Die Kommunalwahlen vom kommenden Sonntag werfen jetzt endgültig ihre Schatten voraus. In Flandern stellt sich vor allem die Frage, ob die Brandmauer gegen den rechtsextremen Vlaams Belang halten wird. Im frankophonen Landesteil will insbesondere die liberale MR alles tun, um die Sozialisten aus ihren Hochburgen zu verdrängen. Dies eben unter anderem in Mons, wo MR-Chef Georges-Louis Bouchez für das Bürgermeisteramt kandidiert.

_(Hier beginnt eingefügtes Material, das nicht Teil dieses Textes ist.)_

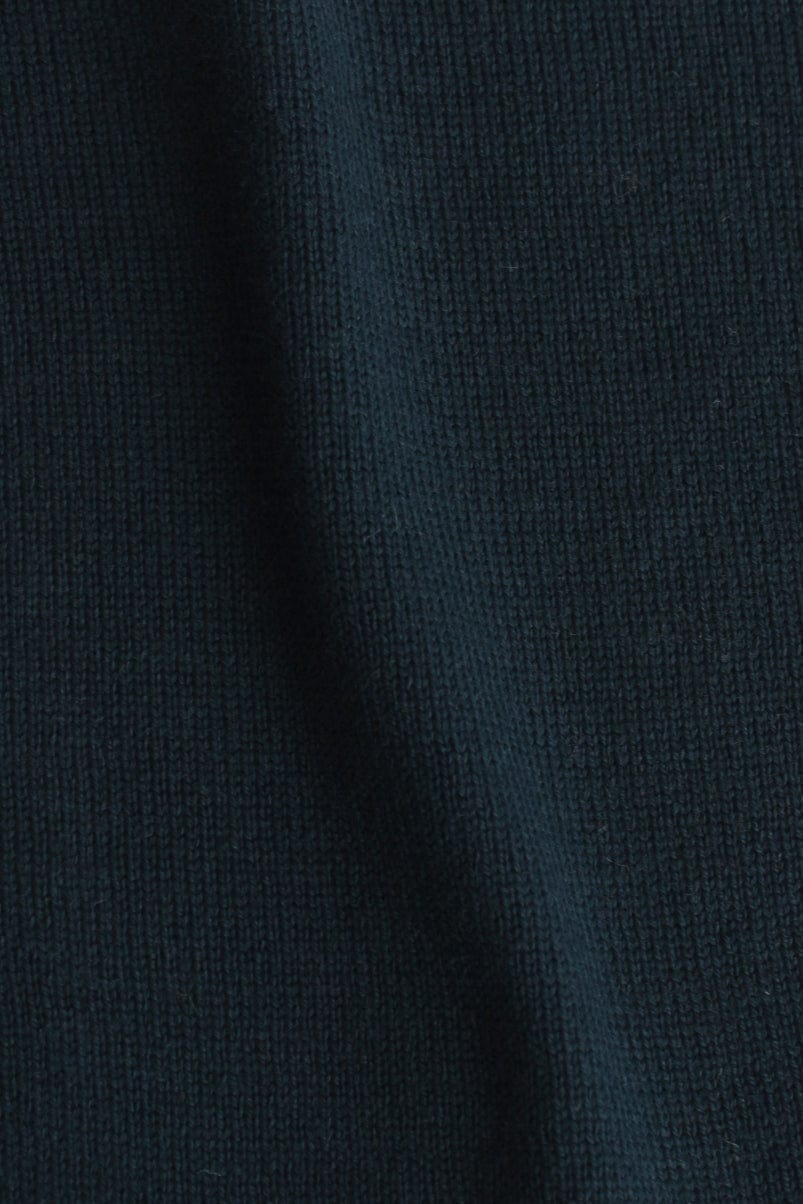 Totman Fine Merino V-Neck Sweater - Image 23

Das Bürgermeisteramt ist kein Flexijob
La Dernière Heure prangert in ihrem Leitartikel vor allem die, so wörtlich, "große Heuchelei" an. Élisabeth Degryse in Uccle, Adrien Dolimont in Ham-sur-Heure, Jaqueline Galant in Jurbise, Ahmed Laaouej in Koekelberg, sie alle haben eins gemeinsam: Sie sind amtierende Minister beziehungsweise aussichtsreiche Kandidaten auf ein Regierungsamt. Und doch treten sie als Spitzenkandidaten in ihren Gemeinden an. Dabei weiß man jetzt schon, dass sie die Bürgermeisterschärpe bis auf Weiteres nicht tragen werden. Noch frappierender ist in Flandern der Fall Zuhal Demir. Die N-VA-Politikerin hat gerade den Eid abgelegt als neue Unterrichtsministerin. Sie hat aber angekündigt, dieses Amt niederzulegen, falls sie die Chance hat, Bürgermeisterin von Genk zu werden. Stimmenfang wie eh und je also. Und dann wundert man sich noch, dass die Wähler ihren Glauben an die Demokratie verlieren.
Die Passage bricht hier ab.